- [Problem to solve] Your answer should be the records again, unchanged in wording and free of images.
*** Input for this task ***
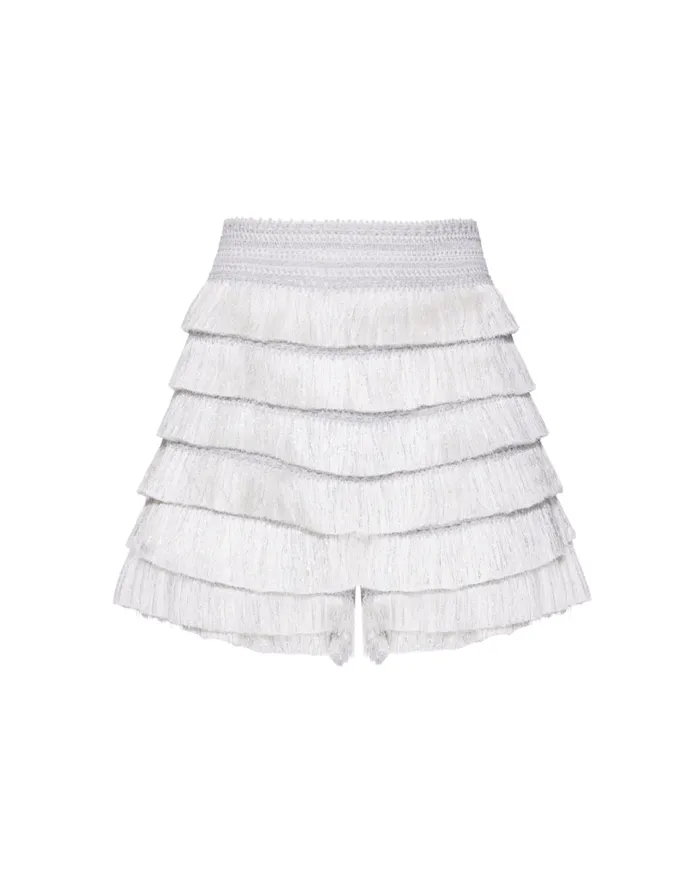 Women PatBO Matching Sets Metallic Fringe Shorts Silver Women PatBO Matching Sets Metallic Fringe Shorts Silver
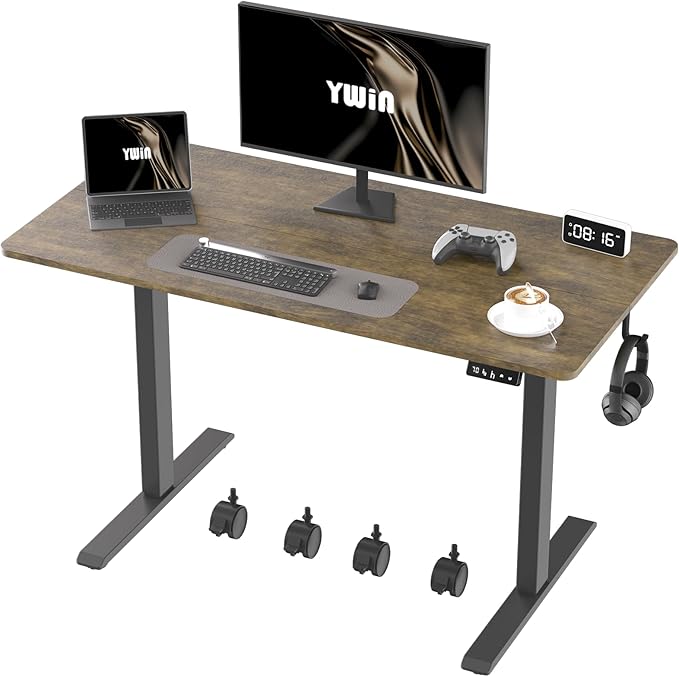 Ywin Electric Height Adjustable Standing Desk, 63 x 24 inches Sit Stand Desk with Wheels, Ergonomic Stand Up Desk for Home Office
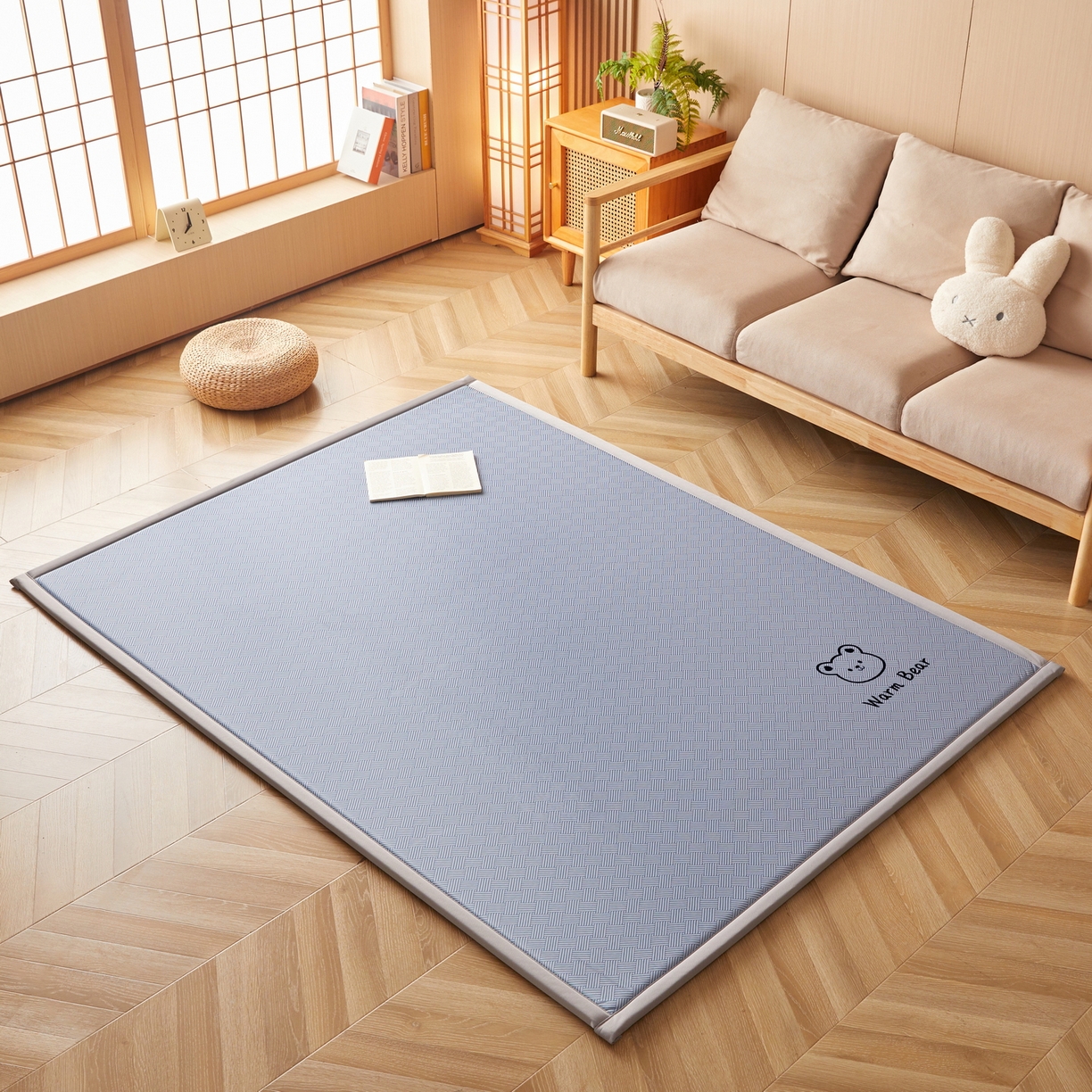 91家纺网 家纺一手货源 找家纺 喜她床垫 2026新款纯色凉感冰丝地垫 时尚凉席地垫床垫（厚度1.5cm） 蓝色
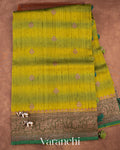 Olive Green Shibori Pure Raw Silk Handloom Saree
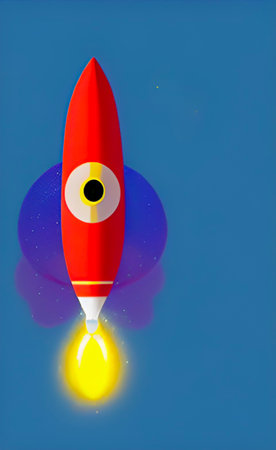 Rocket flying in space on a blue background. Space exploration concept.の写真素材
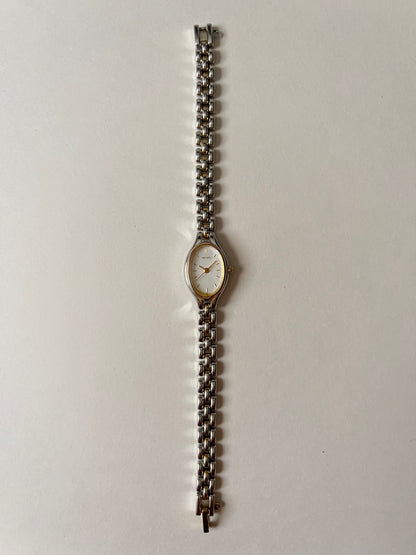 Lovely Dainty Two Toned Seiko Watch with Oval Dial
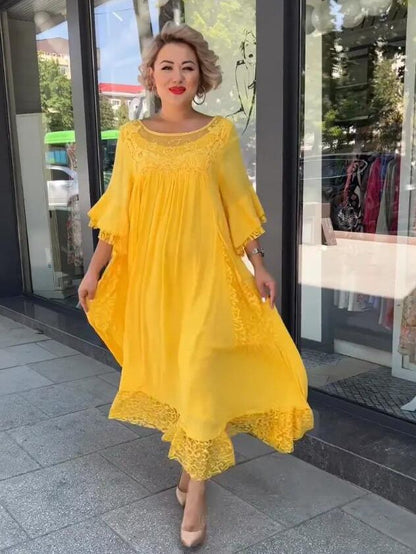 Vestido elegante de encaje amarillo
***
- [Solution for this task]
 Women PatBO Matching Sets Metallic Fringe Shorts Silver Women PatBO Matching Sets Metallic Fringe Shorts Silver
 Ywin Electric Height Adjustable Standing Desk, 63 x 24 inches Sit Stand Desk with Wheels, Ergonomic Stand Up Desk for Home Office
 91家纺网 家纺一手货源 找家纺 喜她床垫 2026新款纯色凉感冰丝地垫 时尚凉席地垫床垫（厚度1.5cm） 蓝色
 Olive Green Shibori Pure Raw Silk Handloom Saree
 Rocket flying in space on a blue background. Space exploration concept.の写真素材
 Lovely Dainty Two Toned Seiko Watch with Oval Dial
 Vestido elegante de encaje amarillo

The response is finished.